The quick and dirty guide to making a new language pair

From Apertium
Revision as of 07:01, 23 December 2015 by Darkgaia (talk | contribs) (→‎Bootstrap)
Jump to navigation Jump to search

This document will describe how to start a new language pair for the Apertium machine translation system from scratch. You can check the list of language pairs that have already been started.

It does not assume any knowledge of linguistics, or machine translation above the level of being able to distinguish nouns from verbs (and prepositions etc.) You should probably familiarise yourself with basic Unix commands, though, if you're a complete newbie.

Introduction

Apertium is, as you've probably realised by now, a machine translation system. Well, not quite, it's a machine translation platform. It provides an engine and toolbox that allow you to build your own machine translation systems. The only thing you need to do is write the data. The data consists, on a basic level, of three dictionaries and a few rules (to deal with word re-ordering and other grammatical stuff).

For a more detailed introduction into how it all works, there are some excellent papers on the Publications page.

These are the key steps one has to take in order to create a new language pair:

  1. Have Apertium installed.
  2. Decide whether the languages used your new language pair falls under lttoolbox or HFST.
  3. Bootstrap the pair: Create the templates for a new language pair using the new bootstrap module.
  4. Create the morphological dictionary for the first language in the language pair (henceforth known as language xxx). This contains words in the first language for Apertium to recognise.
  5. Create the morphological dictionary for the second language in the language pair (henceforth known as language yyy). This contains words in the second language for Apertium to recognise.
  6. Create the bilingual dictionary for the desired language pair xxx-yyy. This contains correspondences between words and symbols in the two languages.
  7. Create the transfer rules for the language pair. This gives the Apertium rules to follow during translation of the language pair. When a pattern that correspond to these rules is detected in the source language text, Apertium will follow these transfer rules to create a grammatical translation in the target language.
  8. Follow Contributing to an existing pair for instructions on expansion and maintenance of the new language pair.


To make this HOWTO guide as straightforward and simple as possible, our example will create a fictional language pair xxx-yyy.
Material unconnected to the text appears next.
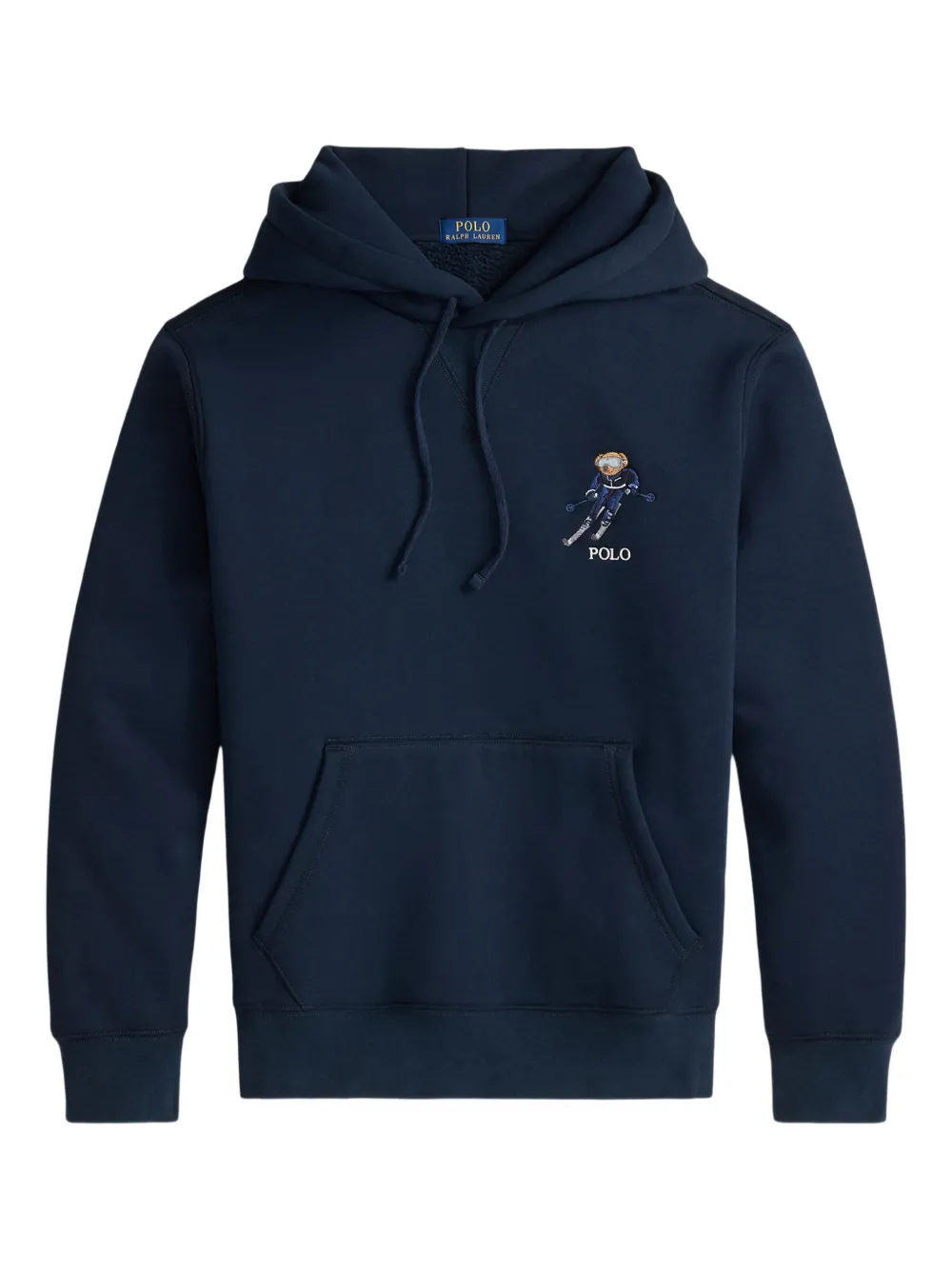 Polo Ralph Lauren graphic-print hoodie - Blu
We aim to guide you through the steps to create a basic working language pair, before you proceed to Contributing to an existing pair for the more advanced guide. We write this for the complete newbie to Apertium, but assume that you have basic knowledge of operating a Unix terminal.

Do take note that "xxx" and "yyy" represent the standard 3-letter character ISO codes for the languages used. In your language pair, replace these with the appropriate 3-letter ISO code from this page: ISO 639-3.

Installation

See also: Installation and Minimal installation from SVN

Apertium is a rule-based machine translation platform that runs on Unix. If you're using Windows, you'll need to download a Virtual Machine. We have a ready-to-use Apertium VirtualBox for Windows users to quickly get started.

Here are some installation instructions for convenience (from Installation): Then, proceed to Minimal installation from SVN to obtain the languages that you need for creation of your language pair.

Linux

wget http://apertium.projectjj.com/apt/install-nightly.sh -O - | sudo bash

Debian-based/Ubuntu/Mint

sudo apt-get -f install apertium-all-dev

RHEL/CentOS/Fedora:

sudo yum install apertium-all-devel

OpenSUSE:

sudo zypper install apertium-all-devel

Mac OS

# Mac OS X:
sudo port install autoconf automake expat flex \
gettext gperf help2man libiconv libtool \
libxml2 libxslt m4 ncurses p5-locale-gettext \
pcre perl5 pkgconfig zlib gawk subversion

Language Properties

See also: lexc, twol, and lttoolbox

Before we start, we need to determine whether the languages you will be using are more suitable for lexc/twol (HFST) or lttoolbox based processing. "What on earth are those?", you ask. Bear me with me a bit.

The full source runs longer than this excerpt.